Picture of a movie: Nickelodeon
movies

Nickelodeon

1976
1911. Chicago lawyer Leo Harrigan and Florida proverbial snake-oil salesman Tom "Buck" Greenway, neither particularly committed and thus good at their respective jobs, accidentally get involved in the moving picture making business - one, two, three and four reelers shown at nickelodeons - Leo initially as a scenarist turned scenarist/director/editor and Buck as an action actor, despite neither initially knowing anything about their jobs and Buck in addition not knowing how to ride a horse and being afraid of heights, both things which he is asked to deal with in front of the camera.
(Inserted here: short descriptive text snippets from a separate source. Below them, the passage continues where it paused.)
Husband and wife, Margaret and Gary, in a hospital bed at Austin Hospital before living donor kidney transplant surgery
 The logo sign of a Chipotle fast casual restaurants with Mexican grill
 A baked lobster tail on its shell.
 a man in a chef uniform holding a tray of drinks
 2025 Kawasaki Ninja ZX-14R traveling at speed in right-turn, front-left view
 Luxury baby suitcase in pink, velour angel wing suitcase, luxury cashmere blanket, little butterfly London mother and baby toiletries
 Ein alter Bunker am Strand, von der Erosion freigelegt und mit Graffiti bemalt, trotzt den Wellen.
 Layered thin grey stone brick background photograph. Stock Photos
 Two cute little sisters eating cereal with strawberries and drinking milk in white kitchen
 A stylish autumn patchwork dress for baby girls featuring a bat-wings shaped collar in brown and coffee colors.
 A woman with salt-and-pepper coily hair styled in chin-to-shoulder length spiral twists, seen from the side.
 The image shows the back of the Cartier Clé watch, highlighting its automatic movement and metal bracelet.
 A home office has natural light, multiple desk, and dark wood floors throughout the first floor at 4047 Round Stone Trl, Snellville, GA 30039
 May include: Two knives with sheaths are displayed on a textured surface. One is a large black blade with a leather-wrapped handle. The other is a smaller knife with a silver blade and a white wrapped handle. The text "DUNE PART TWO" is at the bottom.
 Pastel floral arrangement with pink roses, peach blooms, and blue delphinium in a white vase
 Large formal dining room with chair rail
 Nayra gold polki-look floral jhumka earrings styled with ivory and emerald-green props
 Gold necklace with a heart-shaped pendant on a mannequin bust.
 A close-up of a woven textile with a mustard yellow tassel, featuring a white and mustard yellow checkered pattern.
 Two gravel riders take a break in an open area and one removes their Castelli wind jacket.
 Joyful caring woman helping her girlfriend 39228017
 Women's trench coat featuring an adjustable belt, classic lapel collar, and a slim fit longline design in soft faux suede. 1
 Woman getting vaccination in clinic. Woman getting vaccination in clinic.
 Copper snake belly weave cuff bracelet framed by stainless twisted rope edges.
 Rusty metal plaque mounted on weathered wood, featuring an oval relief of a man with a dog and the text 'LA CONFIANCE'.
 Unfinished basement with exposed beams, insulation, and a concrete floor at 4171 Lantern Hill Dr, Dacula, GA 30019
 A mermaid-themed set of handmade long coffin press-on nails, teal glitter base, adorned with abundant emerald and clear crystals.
They both get into the business working for independent producer H.H. Cobb at a time when the big moving picture companies formed the Patents Company, using heavy handed tactics to prevent small companies, like Cobb's Kinegraph, from being able to make pictures by denying use of cameras under supposed patent. Via different routes, Leo and Buck initially meet at one of Cobb's secret sets located in the backwater frontier railroad stop of Cugamonga, California, so chosen to hide from the Patent Company. Leo and Buck's relationship becomes even more complicated as they both fall in love at first sight with Kathleen Cooke, an extremely nearsighted and klutzy Chautauqua girl on a national tour, she who also literally stumbles onto the Cugamonga set. Their personal and professional lives are presented over a four year period, those lives which are not only affected by the on-going battle with the Patents Company, and Leo and Buck's love for Kathleen, but their own growth within the business, the struggle for artistic control, and the changing face of the business which hits a milestone in 1915.